**TASK:**
The entries below need to be transcribed verbatim.

** DATA TO USE follows **

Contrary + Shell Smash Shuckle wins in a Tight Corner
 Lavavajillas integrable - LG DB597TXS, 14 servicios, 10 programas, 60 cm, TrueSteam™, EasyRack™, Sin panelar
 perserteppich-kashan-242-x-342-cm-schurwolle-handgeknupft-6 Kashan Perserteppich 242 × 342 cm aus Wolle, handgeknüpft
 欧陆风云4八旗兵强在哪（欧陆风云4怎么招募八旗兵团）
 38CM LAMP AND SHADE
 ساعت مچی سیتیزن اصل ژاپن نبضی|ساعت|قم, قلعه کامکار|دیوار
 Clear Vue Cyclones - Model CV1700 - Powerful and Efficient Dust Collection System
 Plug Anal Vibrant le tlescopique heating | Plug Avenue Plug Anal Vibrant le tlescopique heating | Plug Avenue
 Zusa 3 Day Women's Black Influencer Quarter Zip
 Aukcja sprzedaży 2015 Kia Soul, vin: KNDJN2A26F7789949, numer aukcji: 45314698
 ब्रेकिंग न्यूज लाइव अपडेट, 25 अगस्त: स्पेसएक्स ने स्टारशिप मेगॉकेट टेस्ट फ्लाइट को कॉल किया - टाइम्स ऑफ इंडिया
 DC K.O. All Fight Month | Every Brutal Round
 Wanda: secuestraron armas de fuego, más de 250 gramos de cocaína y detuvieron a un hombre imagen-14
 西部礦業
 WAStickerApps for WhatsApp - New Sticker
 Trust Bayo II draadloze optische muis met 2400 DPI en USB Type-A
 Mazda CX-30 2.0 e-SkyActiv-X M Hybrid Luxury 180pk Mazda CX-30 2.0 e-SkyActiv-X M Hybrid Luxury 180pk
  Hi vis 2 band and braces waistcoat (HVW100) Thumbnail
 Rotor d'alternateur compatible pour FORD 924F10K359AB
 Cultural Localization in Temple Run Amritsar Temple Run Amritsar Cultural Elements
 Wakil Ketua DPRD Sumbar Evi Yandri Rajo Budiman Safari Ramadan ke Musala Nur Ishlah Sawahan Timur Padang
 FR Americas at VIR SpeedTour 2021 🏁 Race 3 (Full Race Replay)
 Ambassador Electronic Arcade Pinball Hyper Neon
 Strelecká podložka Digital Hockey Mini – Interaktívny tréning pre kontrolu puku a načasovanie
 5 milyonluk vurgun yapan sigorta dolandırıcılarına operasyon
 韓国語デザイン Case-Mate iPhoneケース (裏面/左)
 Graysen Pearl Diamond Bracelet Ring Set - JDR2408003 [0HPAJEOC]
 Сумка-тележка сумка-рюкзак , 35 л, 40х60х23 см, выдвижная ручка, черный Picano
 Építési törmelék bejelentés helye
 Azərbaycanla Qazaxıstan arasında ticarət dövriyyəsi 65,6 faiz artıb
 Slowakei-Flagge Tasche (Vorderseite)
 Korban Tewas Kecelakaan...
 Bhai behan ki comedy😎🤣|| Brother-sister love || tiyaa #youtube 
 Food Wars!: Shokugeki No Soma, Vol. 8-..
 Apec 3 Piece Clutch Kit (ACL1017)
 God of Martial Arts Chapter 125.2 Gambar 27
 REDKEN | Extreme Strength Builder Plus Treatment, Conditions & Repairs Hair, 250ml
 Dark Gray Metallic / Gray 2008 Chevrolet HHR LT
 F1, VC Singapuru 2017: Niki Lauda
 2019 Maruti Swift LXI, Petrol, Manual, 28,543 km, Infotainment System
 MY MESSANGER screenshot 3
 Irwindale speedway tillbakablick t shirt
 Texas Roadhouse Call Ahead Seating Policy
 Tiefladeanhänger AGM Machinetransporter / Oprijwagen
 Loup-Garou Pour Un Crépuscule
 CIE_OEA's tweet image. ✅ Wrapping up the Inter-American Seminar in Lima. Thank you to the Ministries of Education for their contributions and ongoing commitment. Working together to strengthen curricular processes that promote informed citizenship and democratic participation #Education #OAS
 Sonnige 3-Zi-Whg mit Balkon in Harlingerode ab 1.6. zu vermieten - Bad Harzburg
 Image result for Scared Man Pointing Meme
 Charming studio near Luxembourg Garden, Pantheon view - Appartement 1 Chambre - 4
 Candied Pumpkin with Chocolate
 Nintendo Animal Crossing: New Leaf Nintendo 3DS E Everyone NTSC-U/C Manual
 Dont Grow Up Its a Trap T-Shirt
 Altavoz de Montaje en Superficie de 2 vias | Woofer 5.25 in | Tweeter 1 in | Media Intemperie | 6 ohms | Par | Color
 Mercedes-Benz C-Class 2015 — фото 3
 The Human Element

** End of DATA TO USE **

**TASK OUTPUT:**
Contrary + Shell Smash Shuckle wins in a Tight Corner
 Lavavajillas integrable - LG DB597TXS, 14 servicios, 10 programas, 60 cm, TrueSteam™, EasyRack™, Sin panelar
 perserteppich-kashan-242-x-342-cm-schurwolle-handgeknupft-6 Kashan Perserteppich 242 × 342 cm aus Wolle, handgeknüpft
 欧陆风云4八旗兵强在哪（欧陆风云4怎么招募八旗兵团）
 38CM LAMP AND SHADE
 ساعت مچی سیتیزن اصل ژاپن نبضی|ساعت|قم, قلعه کامکار|دیوار
 Clear Vue Cyclones - Model CV1700 - Powerful and Efficient Dust Collection System
 Plug Anal Vibrant le tlescopique heating | Plug Avenue Plug Anal Vibrant le tlescopique heating | Plug Avenue
 Zusa 3 Day Women's Black Influencer Quarter Zip
 Aukcja sprzedaży 2015 Kia Soul, vin: KNDJN2A26F7789949, numer aukcji: 45314698
 ब्रेकिंग न्यूज लाइव अपडेट, 25 अगस्त: स्पेसएक्स ने स्टारशिप मेगॉकेट टेस्ट फ्लाइट को कॉल किया - टाइम्स ऑफ इंडिया
 DC K.O. All Fight Month | Every Brutal Round
 Wanda: secuestraron armas de fuego, más de 250 gramos de cocaína y detuvieron a un hombre imagen-14
 西部礦業
 WAStickerApps for WhatsApp - New Sticker
 Trust Bayo II draadloze optische muis met 2400 DPI en USB Type-A
 Mazda CX-30 2.0 e-SkyActiv-X M Hybrid Luxury 180pk Mazda CX-30 2.0 e-SkyActiv-X M Hybrid Luxury 180pk
  Hi vis 2 band and braces waistcoat (HVW100) Thumbnail
 Rotor d'alternateur compatible pour FORD 924F10K359AB
 Cultural Localization in Temple Run Amritsar Temple Run Amritsar Cultural Elements
 Wakil Ketua DPRD Sumbar Evi Yandri Rajo Budiman Safari Ramadan ke Musala Nur Ishlah Sawahan Timur Padang
 FR Americas at VIR SpeedTour 2021 🏁 Race 3 (Full Race Replay)
 Ambassador Electronic Arcade Pinball Hyper Neon
 Strelecká podložka Digital Hockey Mini – Interaktívny tréning pre kontrolu puku a načasovanie
 5 milyonluk vurgun yapan sigorta dolandırıcılarına operasyon
 韓国語デザイン Case-Mate iPhoneケース (裏面/左)
 Graysen Pearl Diamond Bracelet Ring Set - JDR2408003 [0HPAJEOC]
 Сумка-тележка сумка-рюкзак , 35 л, 40х60х23 см, выдвижная ручка, черный Picano
 Építési törmelék bejelentés helye
 Azərbaycanla Qazaxıstan arasında ticarət dövriyyəsi 65,6 faiz artıb
 Slowakei-Flagge Tasche (Vorderseite)
 Korban Tewas Kecelakaan...
 Bhai behan ki comedy😎🤣|| Brother-sister love || tiyaa #youtube 
 Food Wars!: Shokugeki No Soma, Vol. 8-..
 Apec 3 Piece Clutch Kit (ACL1017)
 God of Martial Arts Chapter 125.2 Gambar 27
 REDKEN | Extreme Strength Builder Plus Treatment, Conditions & Repairs Hair, 250ml
 Dark Gray Metallic / Gray 2008 Chevrolet HHR LT
 F1, VC Singapuru 2017: Niki Lauda
 2019 Maruti Swift LXI, Petrol, Manual, 28,543 km, Infotainment System
 MY MESSANGER screenshot 3
 Irwindale speedway tillbakablick t shirt
 Texas Roadhouse Call Ahead Seating Policy
 Tiefladeanhänger AGM Machinetransporter / Oprijwagen
 Loup-Garou Pour Un Crépuscule
 CIE_OEA's tweet image. ✅ Wrapping up the Inter-American Seminar in Lima. Thank you to the Ministries of Education for their contributions and ongoing commitment. Working together to strengthen curricular processes that promote informed citizenship and democratic participation #Education #OAS
 Sonnige 3-Zi-Whg mit Balkon in Harlingerode ab 1.6. zu vermieten - Bad Harzburg
 Image result for Scared Man Pointing Meme
 Charming studio near Luxembourg Garden, Pantheon view - Appartement 1 Chambre - 4
 Candied Pumpkin with Chocolate
 Nintendo Animal Crossing: New Leaf Nintendo 3DS E Everyone NTSC-U/C Manual
 Dont Grow Up Its a Trap T-Shirt
 Altavoz de Montaje en Superficie de 2 vias | Woofer 5.25 in | Tweeter 1 in | Media Intemperie | 6 ohms | Par | Color
 Mercedes-Benz C-Class 2015 — фото 3
 The Human Element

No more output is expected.